- Catcher / Umpire
- Born: December 7, 1915 Richmond, Virginia, U.S.
- Died: December 14, 1979 (aged 64) Virginia Beach, Virginia, U.S.
- Batted: RightThrew: Right

MLB debut
- September 10, 1941, for the Pittsburgh Pirates

Last MLB appearance
- April 27, 1946, for the Pittsburgh Pirates

MLB statistics
- Batting average: .259
- Hits: 14
- Runs batted in: 5
- Stats at Baseball Reference

Teams
- Pittsburgh Pirates (1941, 1946);

= Vinnie Smith =

American baseball player and umpire (1915–1979)
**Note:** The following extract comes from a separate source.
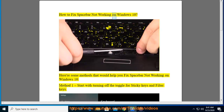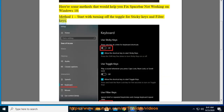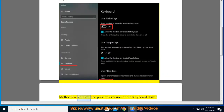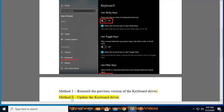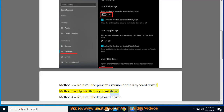How to fix spacebar not working on Windows 10. Here are some methods that would help you fix spacebar not working on Windows 10. Method 1: start with turning off the toggle for sticky keys and filter keys. Method 2: reinstall the previous version of the keyboard driver. Method 3: update the keyboard driver. Method 4...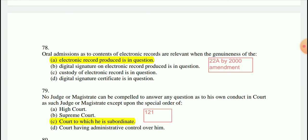Question 78: Oral evidence as to the content of an electronic record is relevant when the genuineness of the electronic record produced is in question.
Vincent Ambrose Smith (December 7, 1915 – December 14, 1979) was an American Major League Baseball player and umpire from Richmond, Virginia. During his playing days, the 6 ft 1 in, 176 lb Smith threw and batted right-handed.

==Career==
Smith's playing career began at the Class D level of minor league baseball in 1938. He made his Major League debut for the Pittsburgh Pirates on September 10, 1941, and appeared in nine games as a catcher. With the outbreak of World War II, he was drafted into the US Navy eventually serving in the Pacific Theater of Operations as a chief petty officer. During his war-time service from 1942 to 1945, he participated in several charity all-star games. After the war he returned to the Pirates in 1946 and played in seven additional games as a catcher.
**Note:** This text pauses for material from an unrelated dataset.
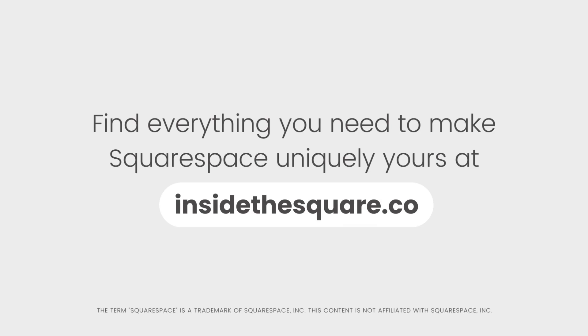Find everything you need to make Squarespace uniquely yours at insidethesquare.co. That's insidethesquare.co.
In his 16 MLB games played, Smith collected 14 hits, with one double; he had five runs batted in. Following 1946, he remained in minor league baseball as a catcher and player-manager through 1953.

In Smith's later playing days, he was introduced to the umpiring profession. "While in his final playing season in the minors, the umpires failed to show up for a game due to transportation issues. Players were forced to fill in, and Smith was placed behind the plate. He enjoyed it and stuck with it, and he eventually returned to the majors in that role in 1957." He began umpiring in the 1954 season in the California League working his way to become a National League umpire from 1957 to 1965. He was the home plate umpire on May 26, 1959, when Harvey Haddix threw 12 perfect innings against the Milwaukee Braves, but lost the game in the 13th inning.
Perhaps his biggest moments came as an umpire in the 1964 World Series between the New York Yankees and St. Louis Cardinals... where he took a turn behind the plate in one of Bob Gibson's starts. He also was a fixture in the umpiring crews at Forbes Field - where he enjoyed a contentious relationship on the field with the great Roberto Clemente. Smith ejected Clemente on a 3rd base sliding out call, that sent Roberto into a tizzy... the picture was published in Life Magazine.

==Death==
Smith died in Virginia Beach, Virginia, on December 14, 1979.